里見八犬伝のあらすじをまとめてみる

6. 呪いの言葉とともに、玉梓死す

前:5. 伝書バト作戦で定包を倒す

■呪いの言葉とともに、玉梓(たまつさ)死す

定包(さだかね)のいた滝田城の兵士らは、里見軍から届いた檄文(げきぶん)に感動し、よろこんで投降することになりました。その証しに、定包(さだかね)本人とその側近をじぶんたちでやっつけ、首級(くび)を里見側にささげるつもりだったのですが、狙っていた二人の側近が、堂々と城の内側から出てきました。

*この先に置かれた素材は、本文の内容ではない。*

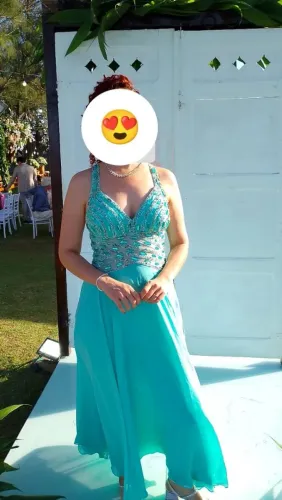 Vestido de festa social verde M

鈍平(どんぺい)妻立(つまたて)「われら逆賊(ぎゃくぞく)定包(さだかね)誅伐(ちゅうばつ)せり!」
みんな「あれっ」
鈍平(どんぺい)妻立(つまたて)「ほらほら、降参するんだろ。これが定包(さだかね)のクビだ。いざ、門をひらいて里見殿を迎え入れるのだ」
みんな「(先を越された…)」

あきらかに、鈍平(どんぺい)たちは自分たちが殺されそうなことを察知し、こうすることで危機をまんまと逃れるつもりなのだとわかりましたが、これ以上どうしようもありません。言われるままに門はあけられ、ついにこの滝田の城も東条と同様、里見義実(よしさね)の手に落ちたのです。

両軍の兵たち「いくさが終わった、ばんざーい、ばんざーい」

義実(よしさね)一行が城の中の様子を見てまわると、中は豪華な内装や装飾品であふれかえっていました。倉には米や財宝がぎっしり詰まっており、どれほど民を搾り取ったのかがイヤでもわかります。義実は、自分たちはこれらに手をつけず、すべて領内の百姓に分け与えてしまうことにしました。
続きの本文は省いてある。